*** Opening of INFORMATION PROVIDED ***

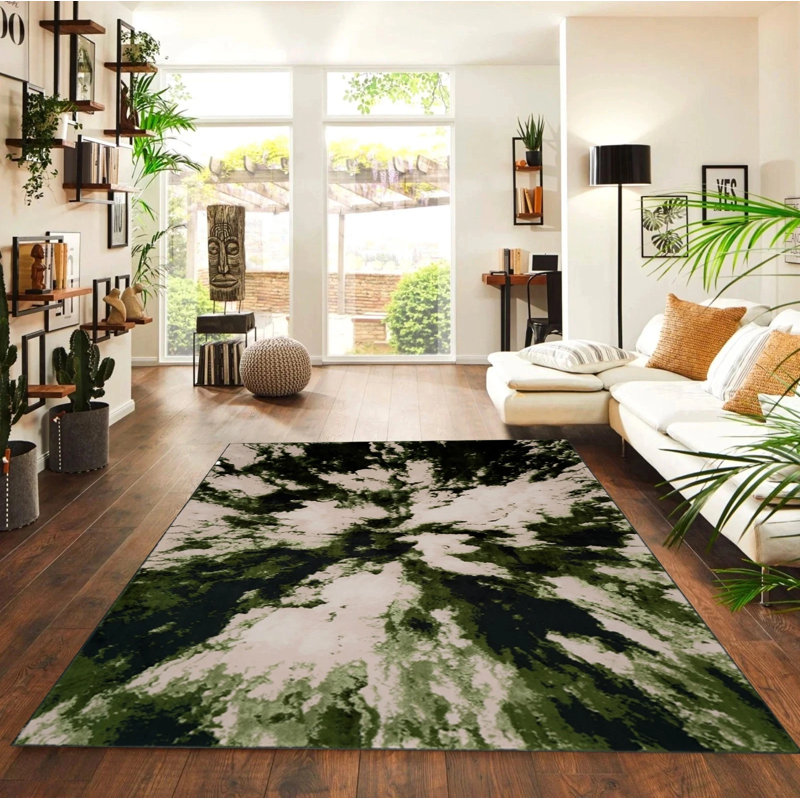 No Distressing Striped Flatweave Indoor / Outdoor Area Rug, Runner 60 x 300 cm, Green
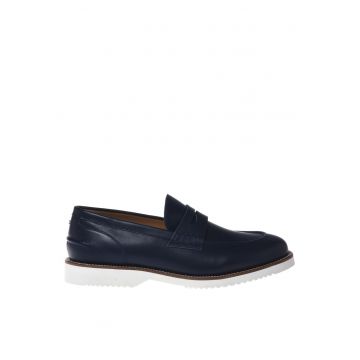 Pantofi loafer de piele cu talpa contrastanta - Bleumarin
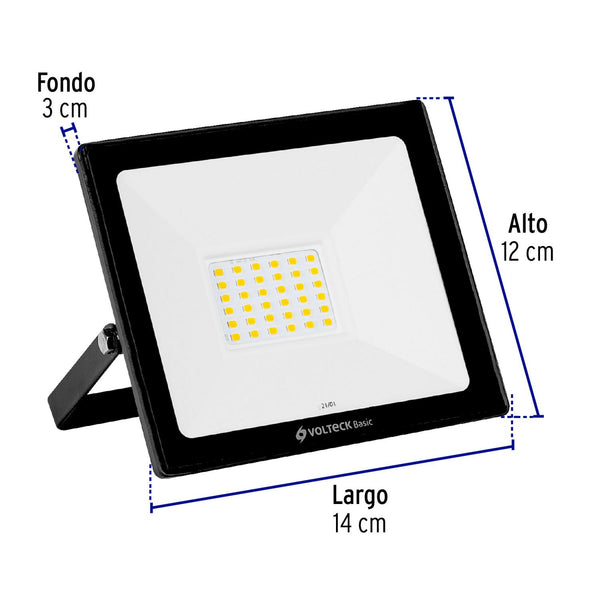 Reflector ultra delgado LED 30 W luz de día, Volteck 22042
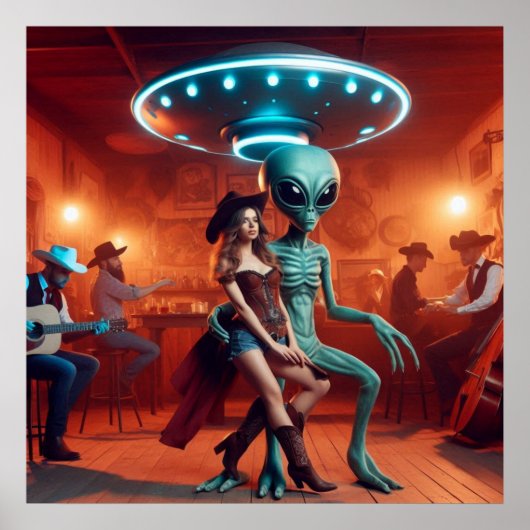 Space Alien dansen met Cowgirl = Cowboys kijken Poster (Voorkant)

*** Close of INFORMATION PROVIDED ***
*** Opening of INFORMATION PROVIDED ***

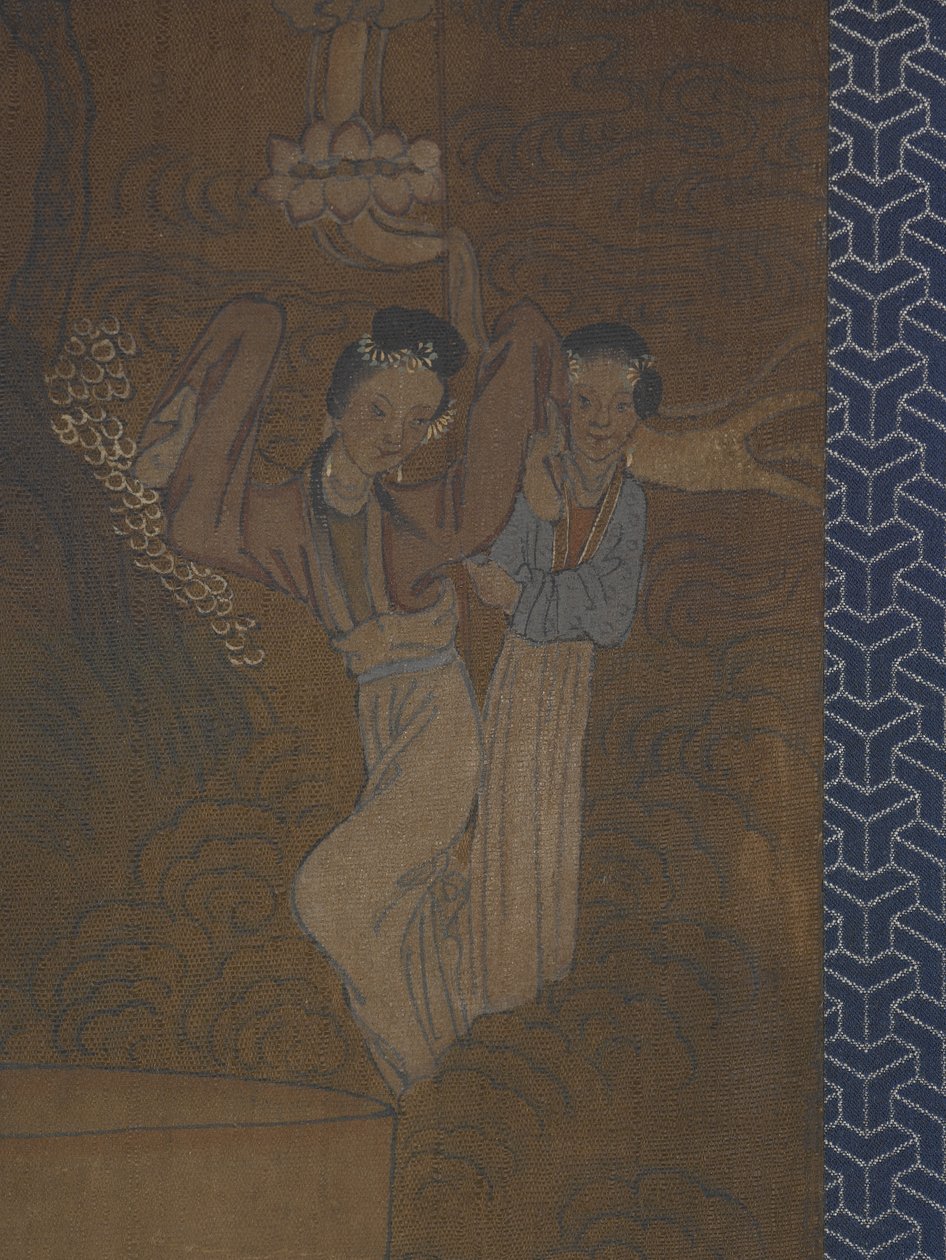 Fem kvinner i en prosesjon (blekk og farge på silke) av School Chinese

*** Close of INFORMATION PROVIDED ***
*** Opening of INFORMATION PROVIDED ***

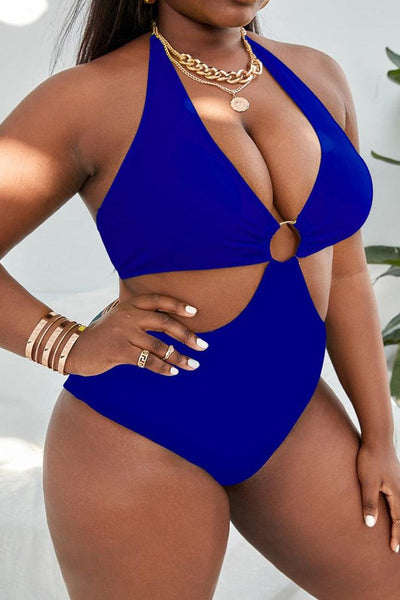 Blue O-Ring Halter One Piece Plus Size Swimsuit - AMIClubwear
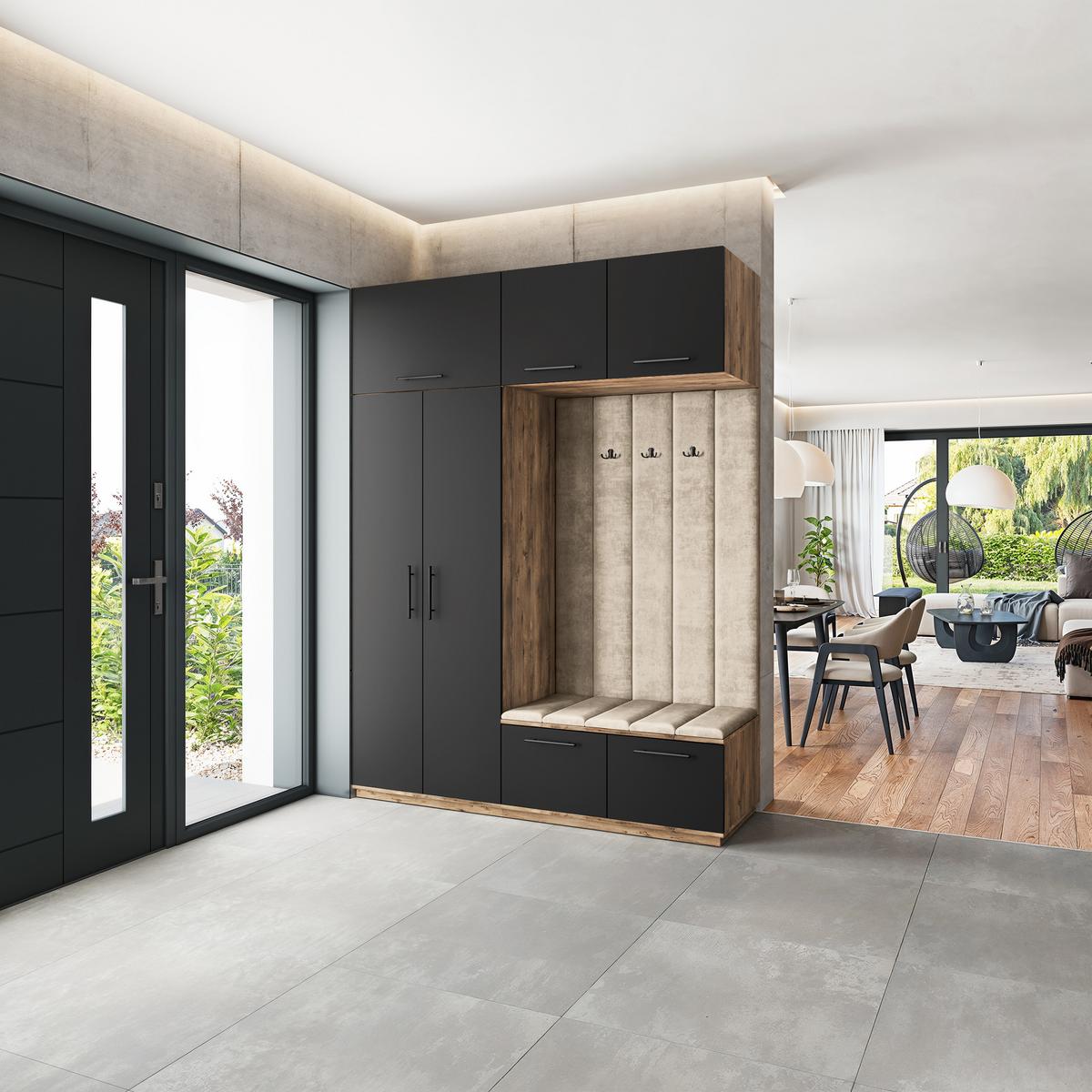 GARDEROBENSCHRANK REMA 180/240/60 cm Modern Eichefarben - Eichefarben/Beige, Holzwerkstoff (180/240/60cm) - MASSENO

*** Close of INFORMATION PROVIDED ***

From the material above, give again exactly the lines from the one that contains "No Distressing Striped" through the one that contains "Reflector ultra delgado", and leave out the pictures.

_EXPECTED ANSWER_:
 No Distressing Striped Flatweave Indoor / Outdoor Area Rug, Runner 60 x 300 cm, Green
 Pantofi loafer de piele cu talpa contrastanta - Bleumarin
 Reflector ultra delgado LED 30 W luz de día, Volteck 22042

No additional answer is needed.